Dal punto di vista tecnico “una delle sfide più grandi di questo lavoro – precisa Fabio Giavazzi, fisico e ricercatore dell’Università degli Studi di Milano – è stato riuscire a misurare le proprietà fisiche di queste microscopiche goccioline e descrivere in modo quantitativo il loro processo di formazione e maturazione. Questo è stato possibile soprattutto grazie all’acquisizione di immagini di microscopia di elevatissima qualità e risoluzione, e alla loro analisi con metodi quantitativi”.

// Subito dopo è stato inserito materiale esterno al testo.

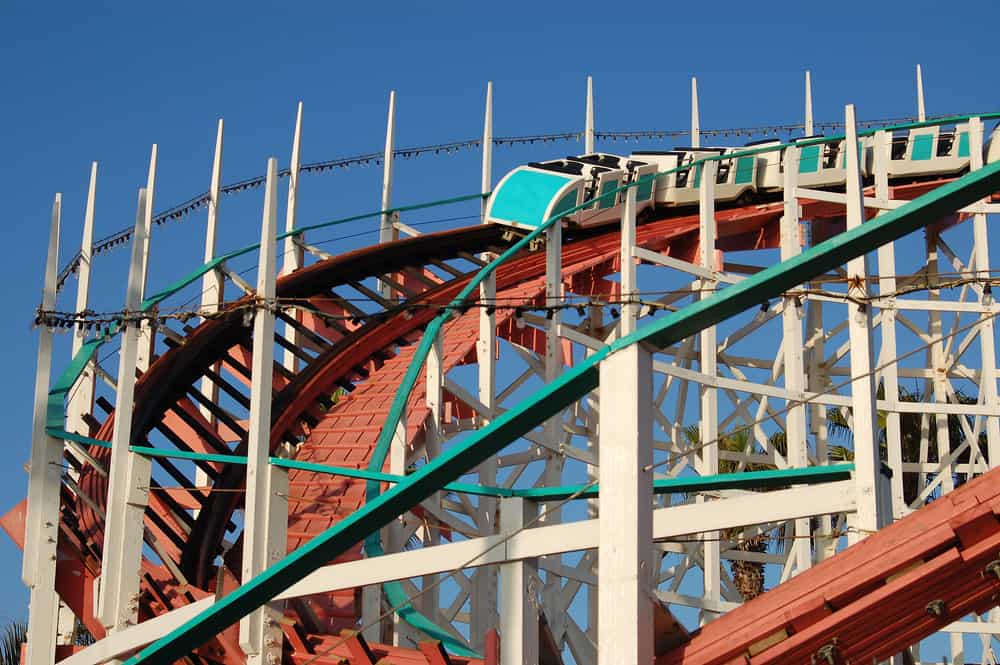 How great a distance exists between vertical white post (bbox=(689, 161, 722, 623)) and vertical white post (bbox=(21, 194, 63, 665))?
6.06 meters

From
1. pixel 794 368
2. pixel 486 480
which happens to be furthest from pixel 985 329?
pixel 486 480

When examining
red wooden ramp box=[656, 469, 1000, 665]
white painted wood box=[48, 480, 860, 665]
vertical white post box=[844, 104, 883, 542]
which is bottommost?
red wooden ramp box=[656, 469, 1000, 665]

L’individuazione di compartimenti ‘smart’ formati all’occasione dalla cellula in risposta a un danno al DNA attraverso un cambio di fase “apre una nuova prospettiva – conclude d’Adda di Fagagna – con cui affrontare processi biologici già noti. In particolare, nella lotta alle cellule tumorali, che notoriamente accumulano più danni nel DNA rispetto alle cellule sane, auspichiamo che in futuro si possa trovare un modo di sfruttare questa nuova conoscenza a vantaggio a vantaggio di una terapia contro i tumori piu efficace”.

I risultati di questa ricerca sono stati possibili grazie alla fiducia e al fondamentale sostegno dei finanziamenti in particolare dell’European Research Council e di Fondazione AIRC, oltre che di Fondazione Cariplo e Regione Lombardia.